I'm not saying free APIs are useless. They're proper useful for specific things:

  • Benchmarking and comparing models. Nvidia NIM with 100+ models is brilliant for this. Run the same prompt through six models, see who does it best. 40 RPM is fine when you're doing one-off comparisons.
  • Learning and experimenting. Building toy projects, learning how Claude Code works as a tool, understanding what agent-driven development feels like at a surface level.
  • Specific use cases where the model gap doesn't matter. If your work is 90% "generate this CRUD endpoint" and 10% "solve this complex architectural problem," a free model handles 90% of your day just fine.
  • Speed-first tasks with Cerebras or Groq. When you need fast inference on simpler tasks, these are excellent.

The mistake isn't using free tiers. The mistake is pretending they're a replacement for the paid experience and telling thousands of people online that they are.

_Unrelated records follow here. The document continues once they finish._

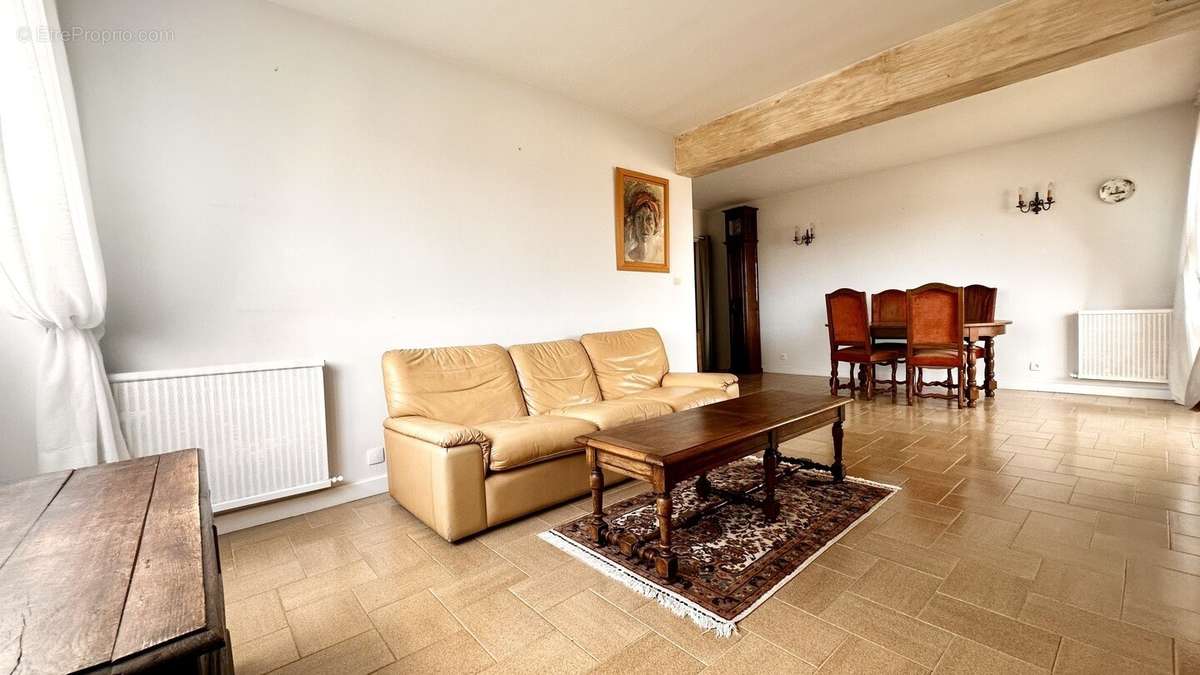 Appartement à BAGNOLS-SUR-CEZE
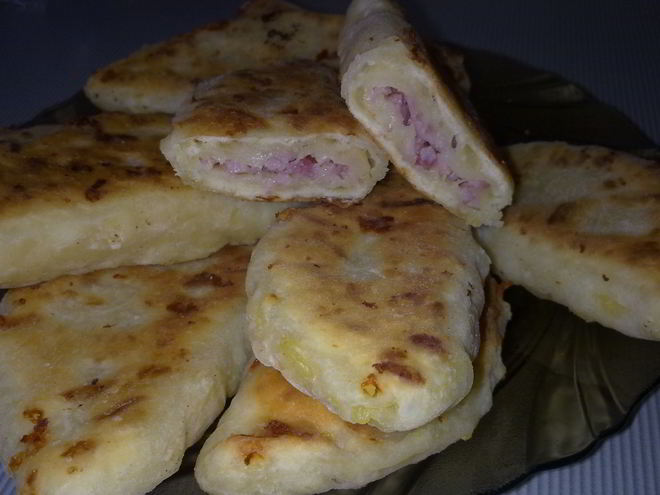 Рецепт сырных лепешек с любой начинкой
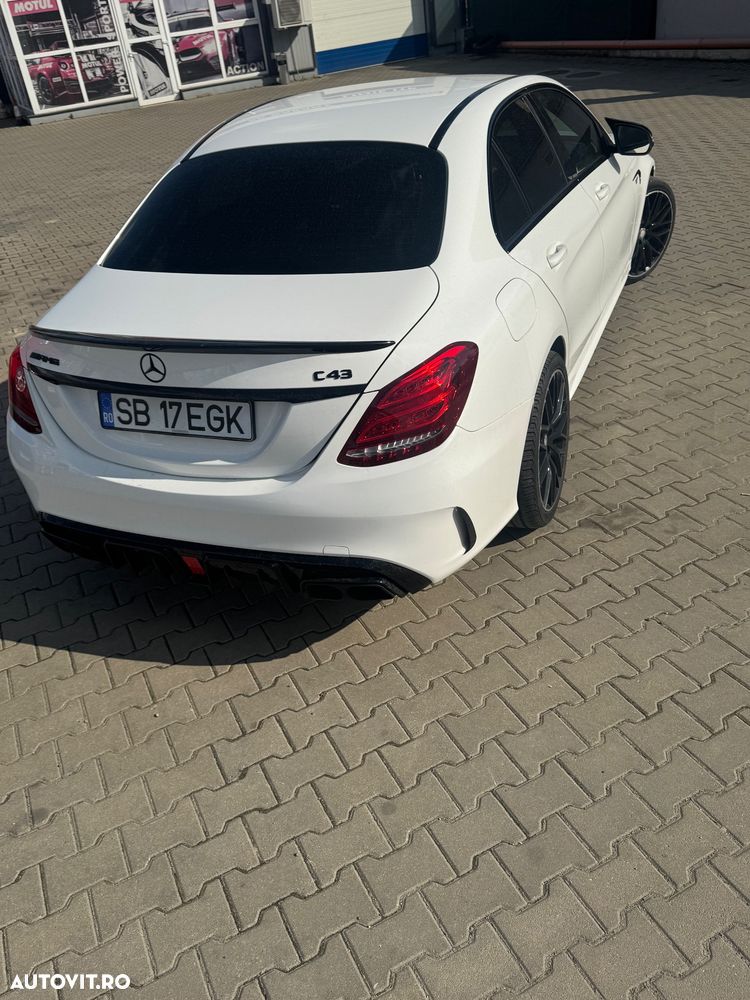 Mercedes-Benz C - 4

So What Should You Actually Do?

Start with at least Claude Pro at 20 quid a month on Claude Code. It won't last long on heavy usage. But as long as it lasts, you'll enjoy it. That's enough to see what this stuff can actually do when it's not hobbled. Close second: use your ChatGPT Plus subscription with Codex CLI. Proper capable, proper fast.

Anything else at this point is a compromise on either devX or intelligence. And once you've seen what uncompromised looks like, then you can make informed decisions about where to cut costs. Maybe MiniMax M2.7 handles 80% of your routine work and Opus handles the complex sessions. That's a rational optimisation. But you can only make that call once you know what "great" feels like.

Starting from "free" and working up? You'll never know what you're missing. And worse, you might decide the whole thing isn't worth your time. When the reality is, you just never gave it a fair go.

Cheap. Intelligent. Fast. Pick two. Know which two you're picking. And stop pretending you can have all three for nothing.